BEGIN

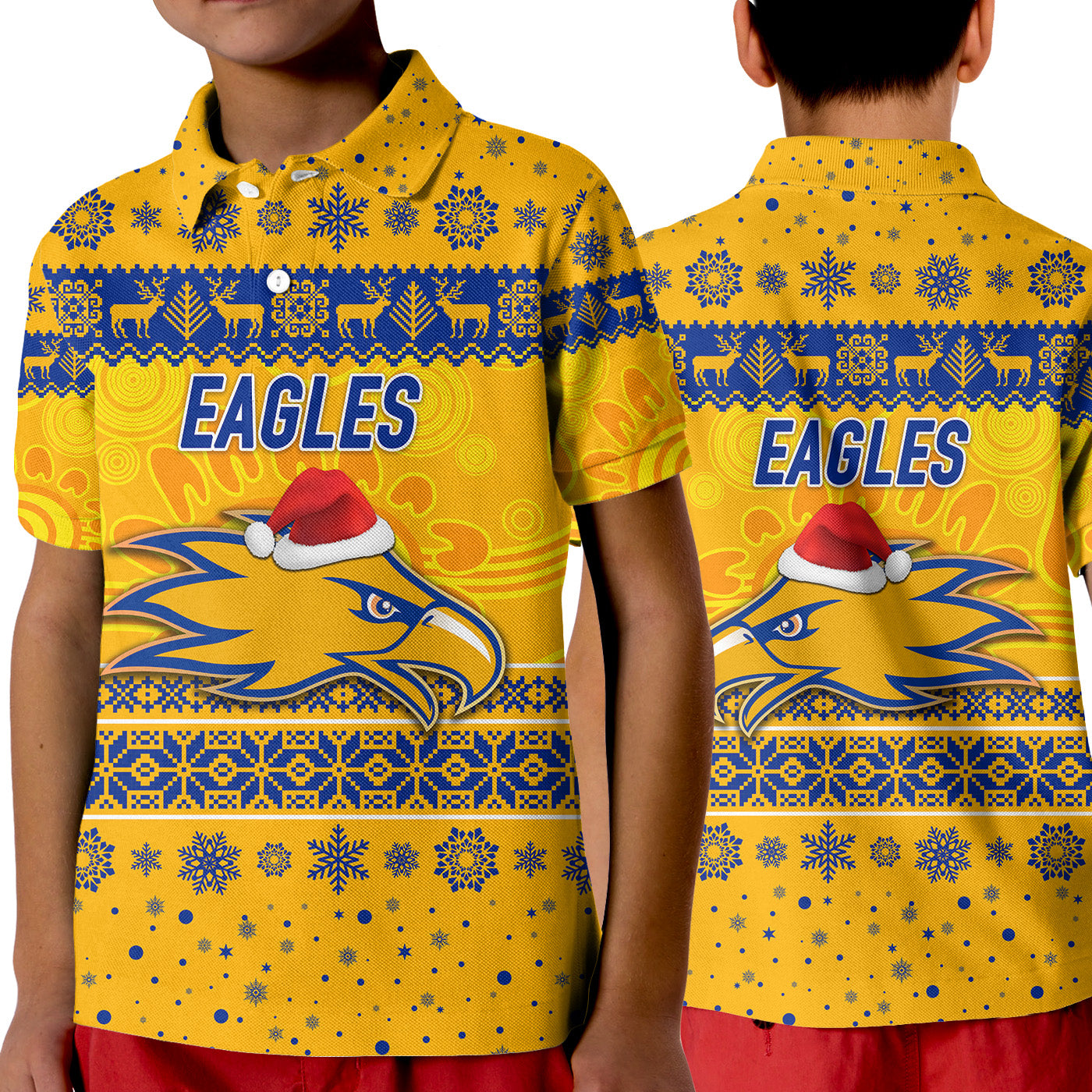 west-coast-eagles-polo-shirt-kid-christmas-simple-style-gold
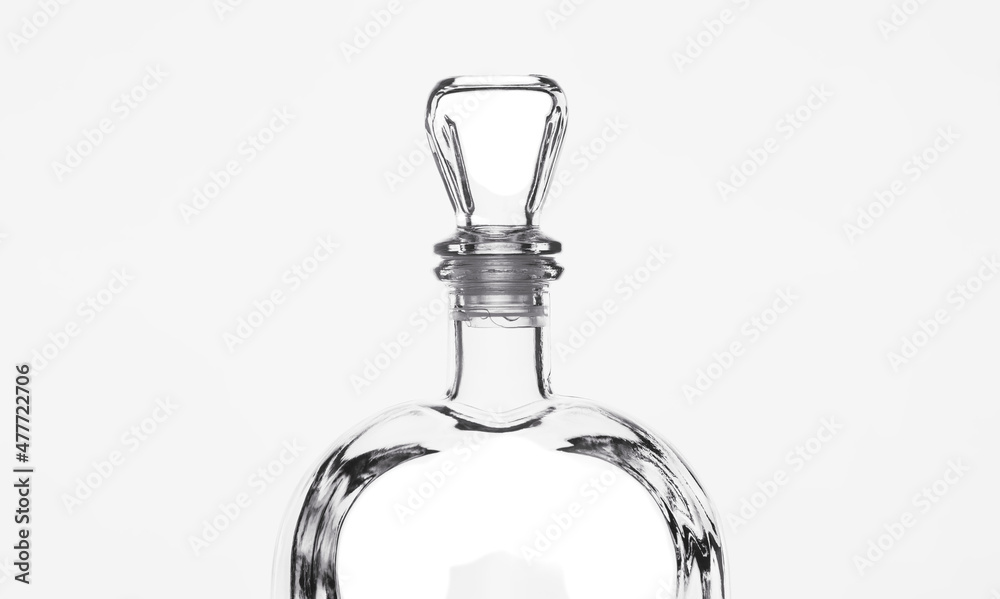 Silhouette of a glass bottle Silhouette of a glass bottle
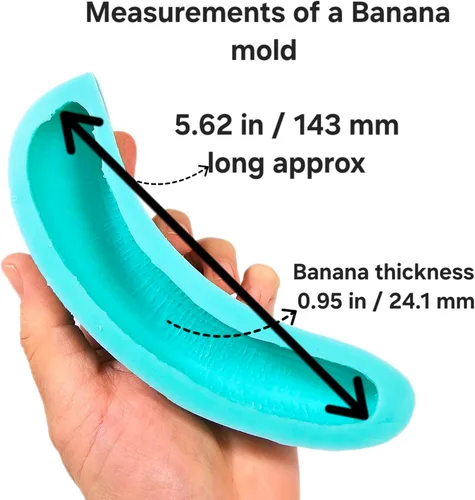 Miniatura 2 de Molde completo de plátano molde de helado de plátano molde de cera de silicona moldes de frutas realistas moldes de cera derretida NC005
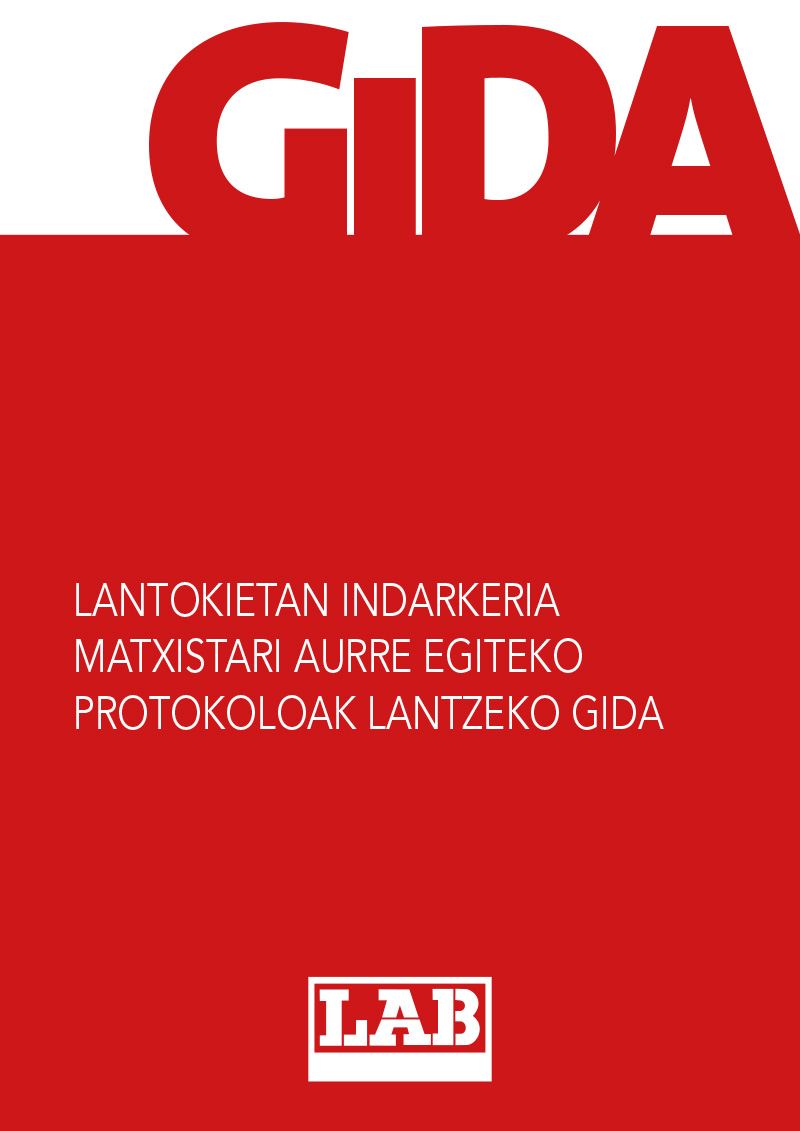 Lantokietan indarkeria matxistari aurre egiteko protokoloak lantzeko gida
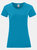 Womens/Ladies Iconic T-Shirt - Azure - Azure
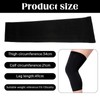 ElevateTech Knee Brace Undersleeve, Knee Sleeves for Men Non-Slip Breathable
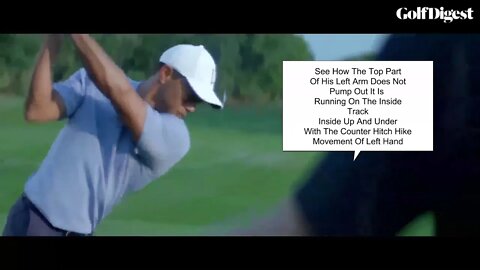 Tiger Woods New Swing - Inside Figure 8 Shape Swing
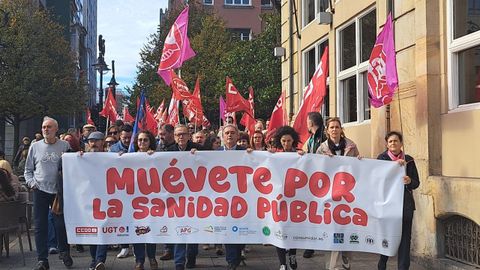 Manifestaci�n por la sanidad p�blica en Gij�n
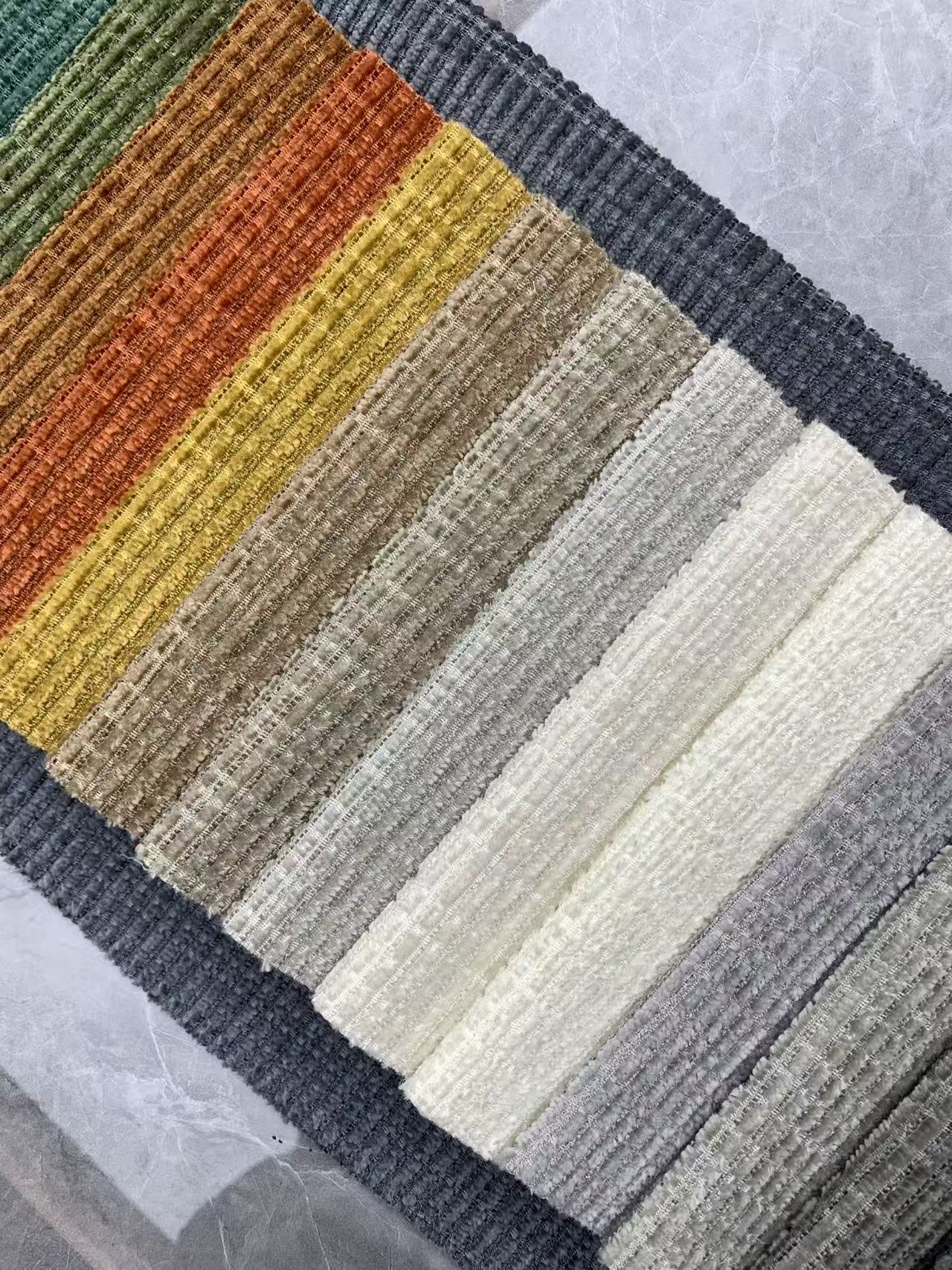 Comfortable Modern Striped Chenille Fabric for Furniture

END

WHAT TO WORK ON.
Everything in the listing must be restated word for word, except for the pictures.

ANSWER TO THIS PROBLEM.
 west-coast-eagles-polo-shirt-kid-christmas-simple-style-gold
 Silhouette of a glass bottle Silhouette of a glass bottle
 Miniatura 2 de Molde completo de plátano molde de helado de plátano molde de cera de silicona moldes de frutas realistas moldes de cera derretida NC005
 Lantokietan indarkeria matxistari aurre egiteko protokoloak lantzeko gida
 Womens/Ladies Iconic T-Shirt - Azure - Azure
 ElevateTech Knee Brace Undersleeve, Knee Sleeves for Men Non-Slip Breathable
 Tiger Woods New Swing - Inside Figure 8 Shape Swing
 Manifestaci�n por la sanidad p�blica en Gij�n
 Comfortable Modern Striped Chenille Fabric for Furniture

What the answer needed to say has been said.